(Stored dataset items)
_ _ _ _ _ _ _
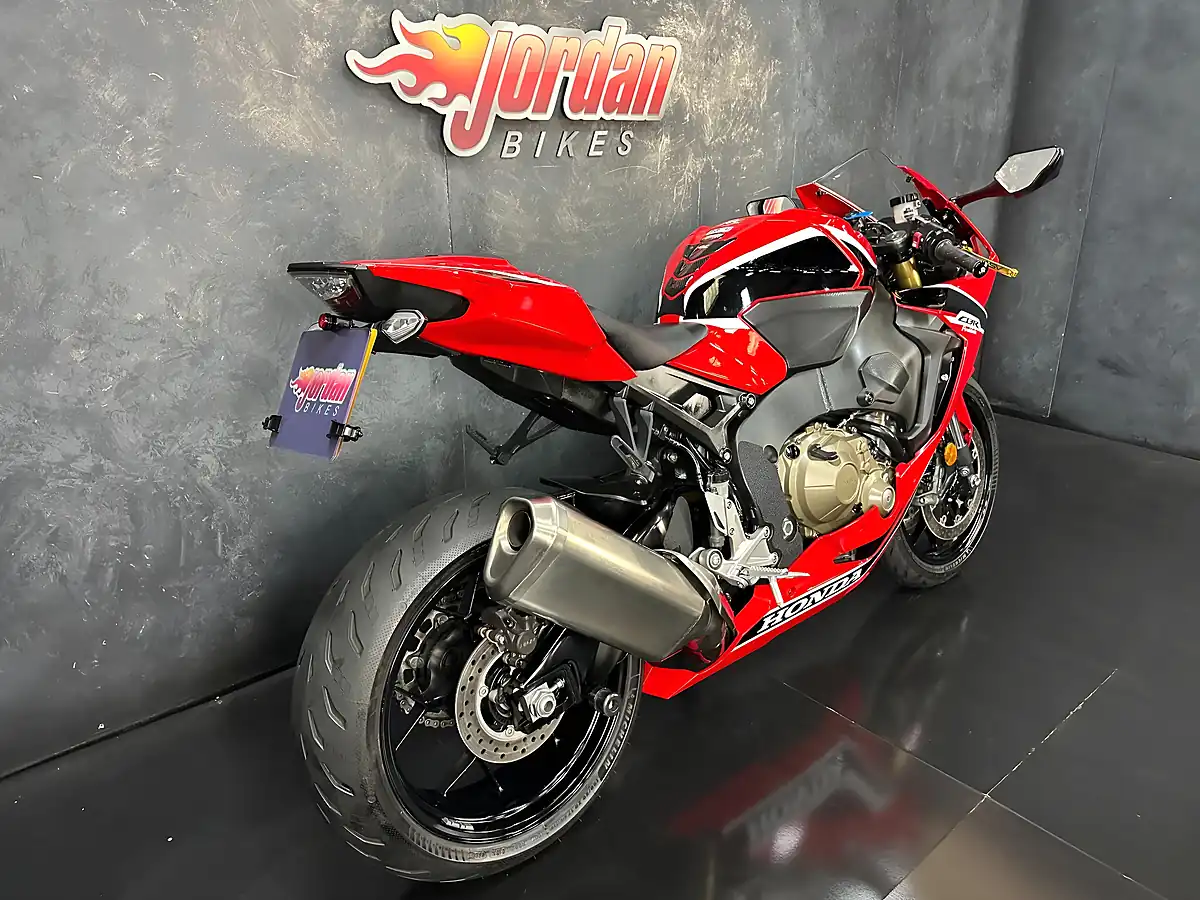 Used 2017 Honda CBR1000RR Fireblade 1000 Red - Interior and Exterior details 6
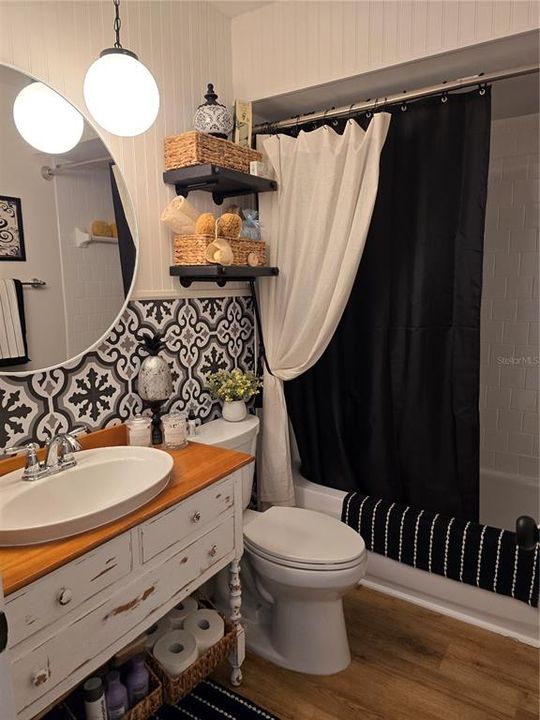 En Venta: $474,900 (3 camas, 2 baños, 1332 Pies cuadrados)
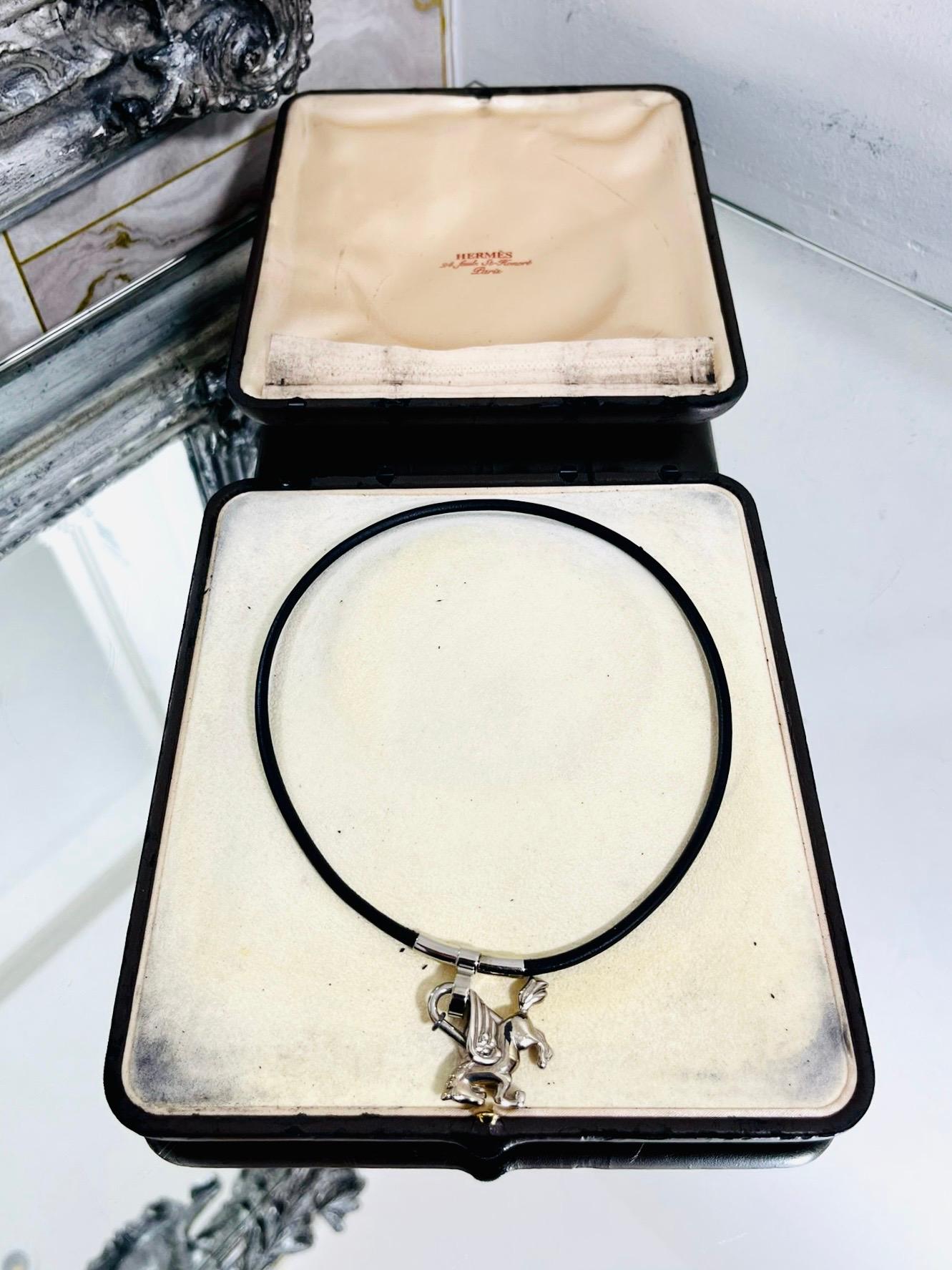 Hermes Vintage Cadena Pegasus Necklace In Good Condition For Sale In London, GB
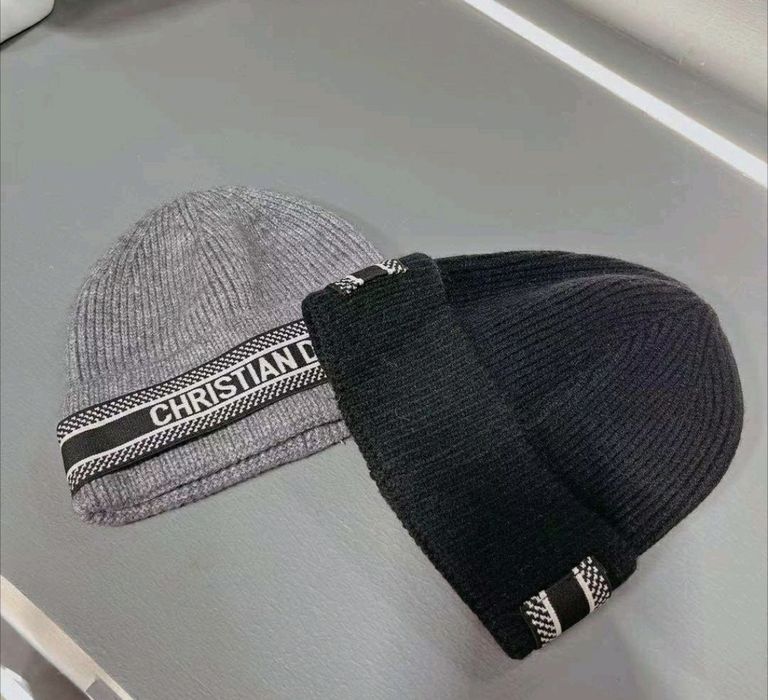 DIOR Elegancka damska czapka ostatnie sztuki polecam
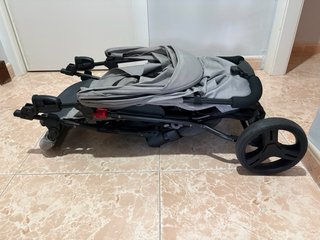 Carrito de bebé gris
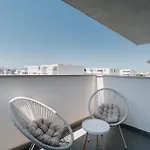 Tesla's Energy Haven アパート ザダル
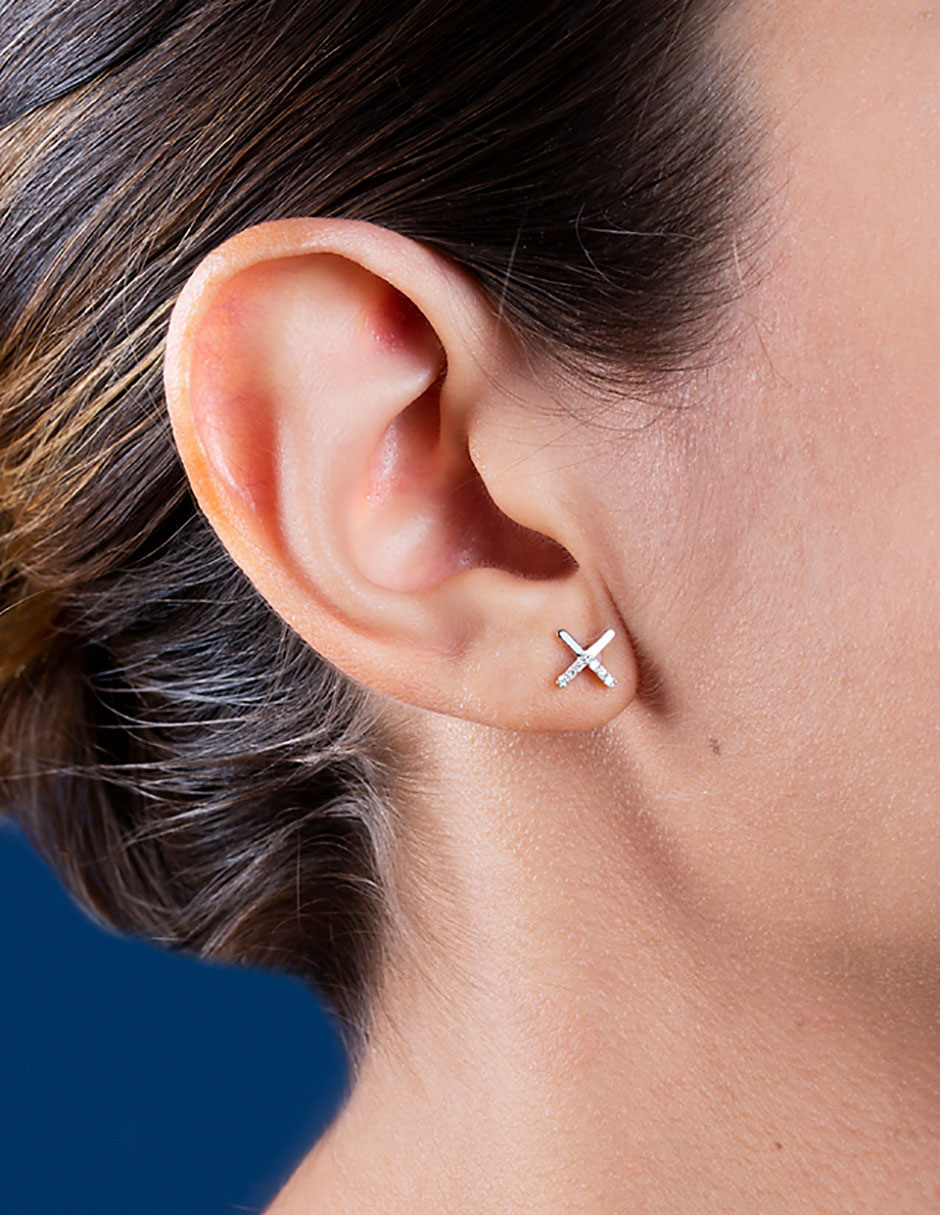 Aretes de oro blanco con acabado pavé diamante 3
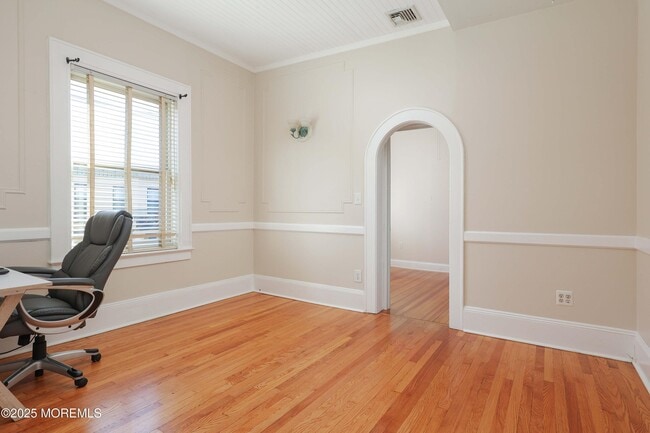 Building Photo - 30 W Front St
_ _ _ _ _ _ _
> [Assignment]:
Retype the lines exactly as they appear, beginning with the line that contains "Aretes de oro" and ending with the final line of the entries, and omit the pictures.

> [The completed task]:
 Aretes de oro blanco con acabado pavé diamante 3
 Building Photo - 30 W Front St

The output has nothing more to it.